Problem requirements:
Output the lines from the one holding "Full English breakfast" to the end of the entries that follow, exactly and only those, minus any pictures.

BEGIN Source records

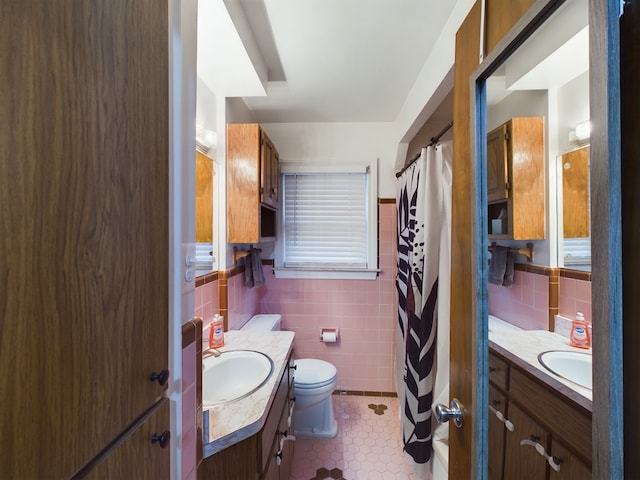 bathroom with vanity, tile walls, toilet, and a shower with curtain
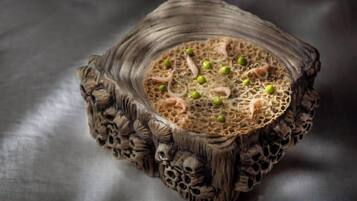 Un cuenco de madera tallada con superficie texturizada y una hendidura central, posiblemente para contener alimentos o bebidas.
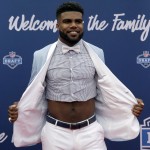 Ohio State's Ezekiel Elliott poses for photos upon arriving for the first round of the 2016 NFL football draft at the Auditorium Theater of Roosevelt University, Thursday, April 28, 2016, in Chicago. (AP Photo/Nam Y. Huh)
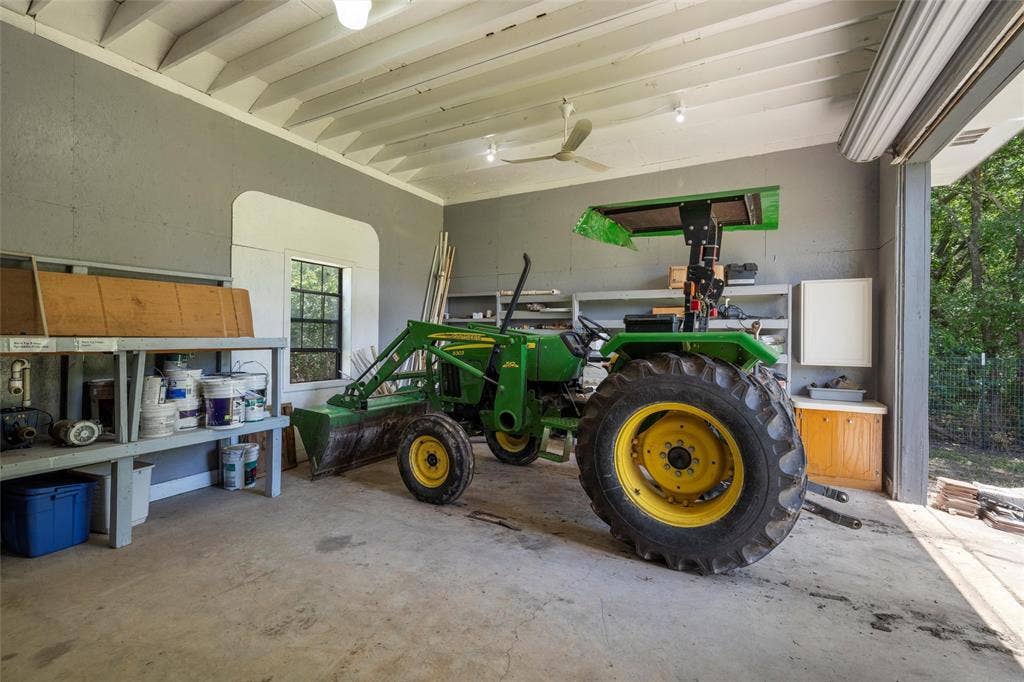2029 Speegleville Road, Woodway, TX 76712 Concrete flooring garage with an exposed beam ceiling, recessed lighting, and a roll-up garage door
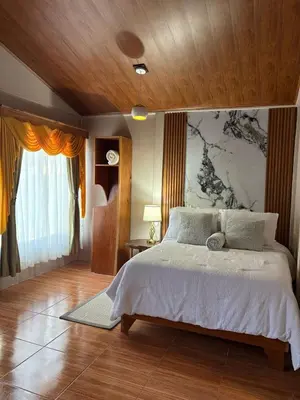 a bedroom with a large bed with a wall at Dreams of Golden Wings in Monteverde Costa Rica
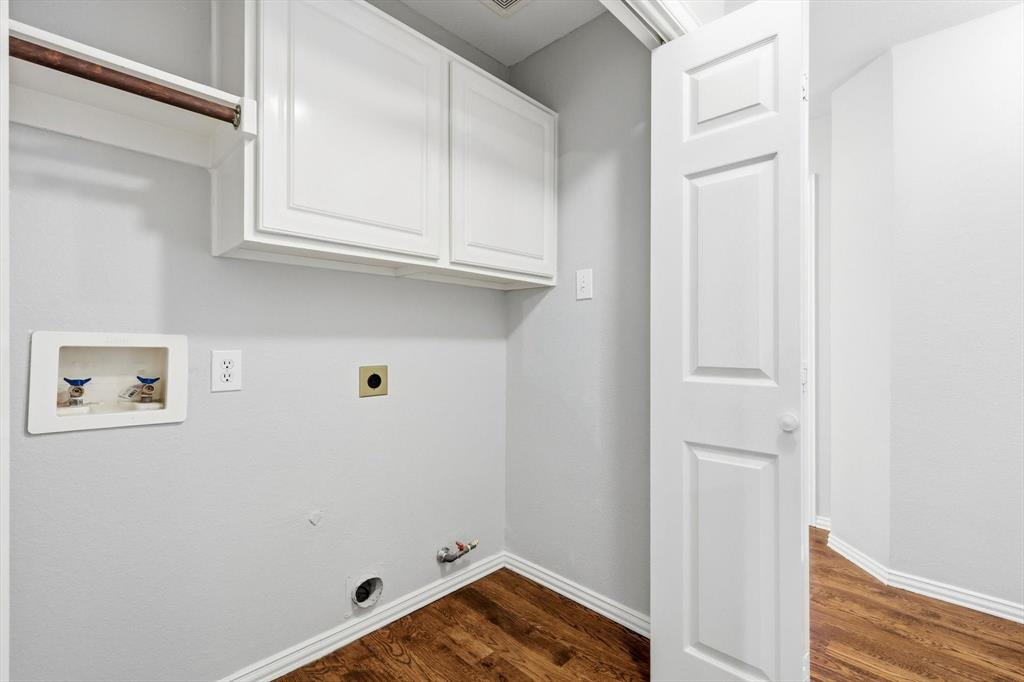 Dedicated laundry area featuring white shaker-style cabinetry, a built-in hanging rod, utility hookups, and wood-finish flooring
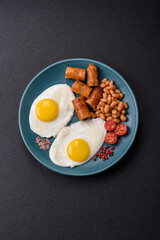 Full English breakfast with boiled eggs, beans, sausages, tomatoes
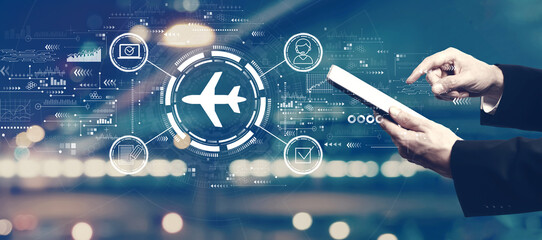 Flight ticket booking concept with businessman using a tablet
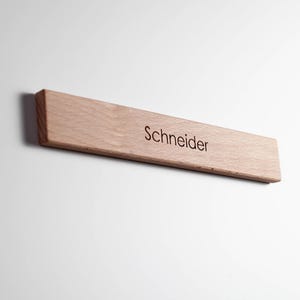 Könnte beinhalten: Ein hellfarbenes Holzschild mit dem eingravierten Namen "Schneider" in einer einfachen Schriftart. Das Schild ist rechteckig mit abgeschrägter Kante und an einer weißen Wand befestigt. Die Holzmaserung ist sichtbar.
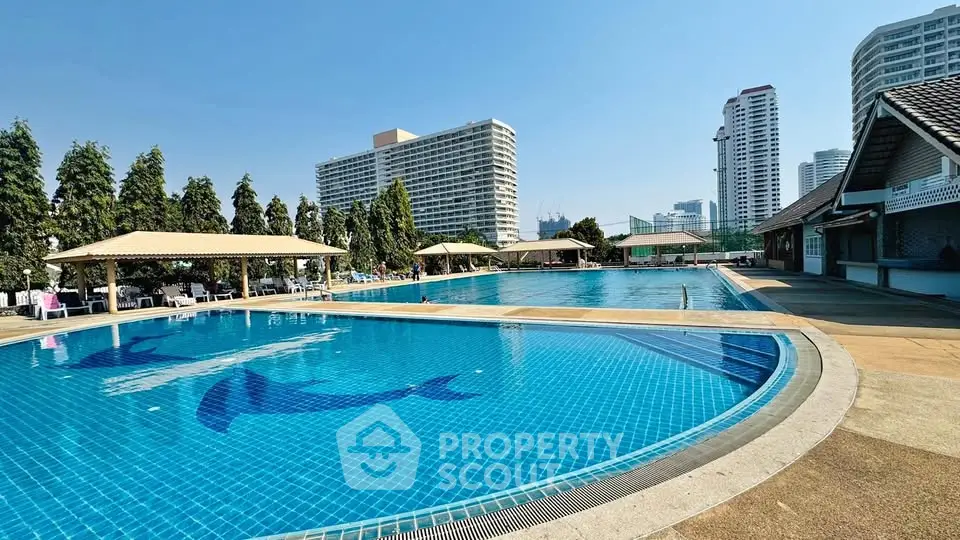 Luxurious outdoor pool area with city skyline views, perfect for relaxation and leisure in a prime real estate location.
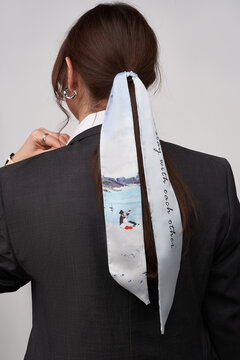 Close-up shot of a young woman with a twilly ribbon in her hair. A brunette girl in a gray jacket with patterned hair band stands with her back on a gray background.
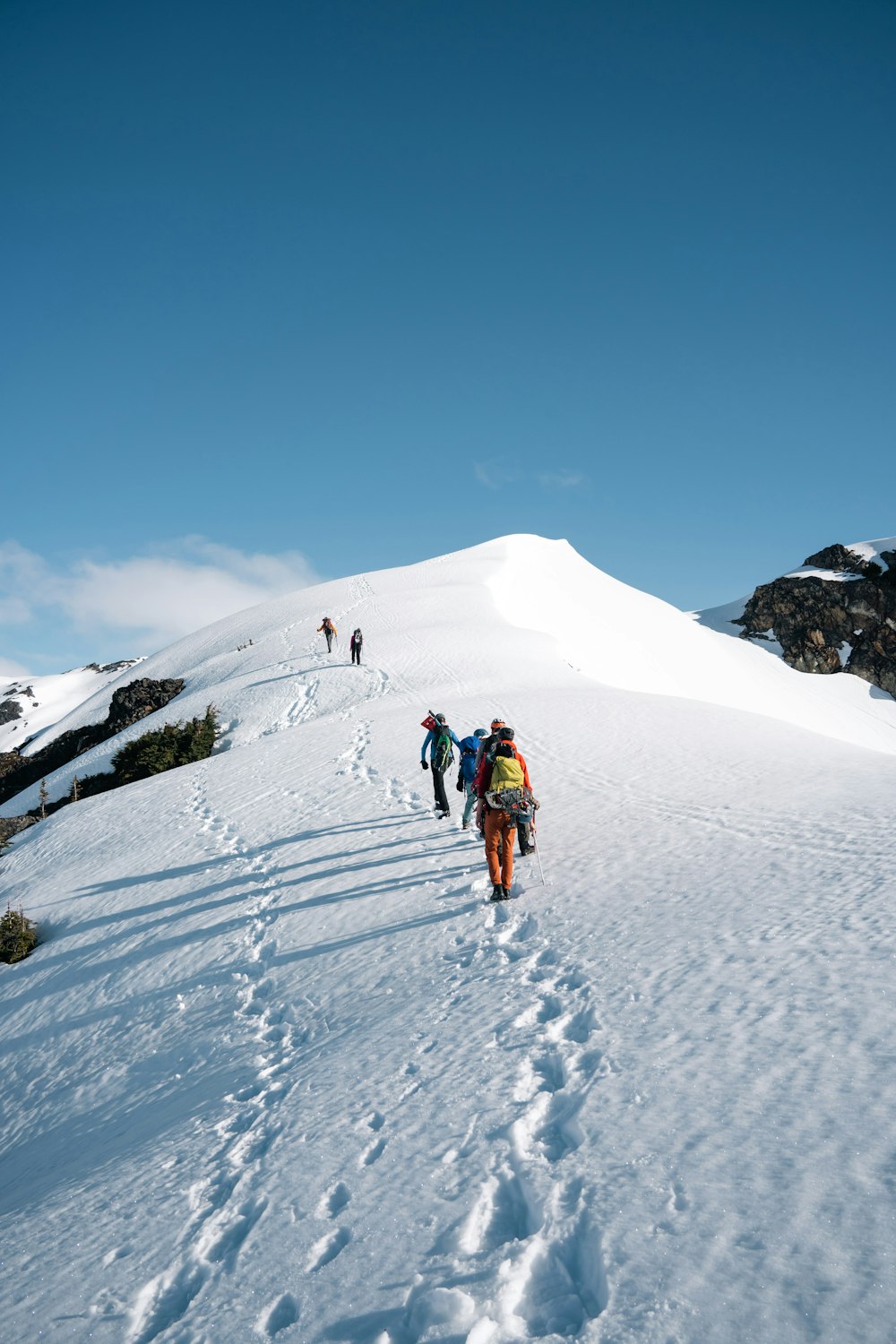 a group of people hiking up a snowy mountain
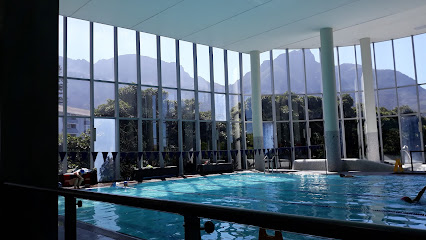 Kauai Virgin Active Claremont indoor pool with floor-to-ceiling windows and mountain view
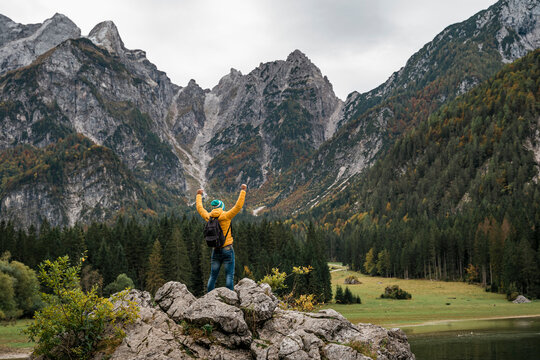 Hiker on viewpoint with raised arms at Laghi di Fusine, Friuli Venezia Giulia, Italy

END Source records

Result of this exercise:
 Full English breakfast with boiled eggs, beans, sausages, tomatoes
 Flight ticket booking concept with businessman using a tablet
 Könnte beinhalten: Ein hellfarbenes Holzschild mit dem eingravierten Namen "Schneider" in einer einfachen Schriftart. Das Schild ist rechteckig mit abgeschrägter Kante und an einer weißen Wand befestigt. Die Holzmaserung ist sichtbar.
 Luxurious outdoor pool area with city skyline views, perfect for relaxation and leisure in a prime real estate location.
 Close-up shot of a young woman with a twilly ribbon in her hair. A brunette girl in a gray jacket with patterned hair band stands with her back on a gray background.
 a group of people hiking up a snowy mountain
 Kauai Virgin Active Claremont indoor pool with floor-to-ceiling windows and mountain view
 Hiker on viewpoint with raised arms at Laghi di Fusine, Friuli Venezia Giulia, Italy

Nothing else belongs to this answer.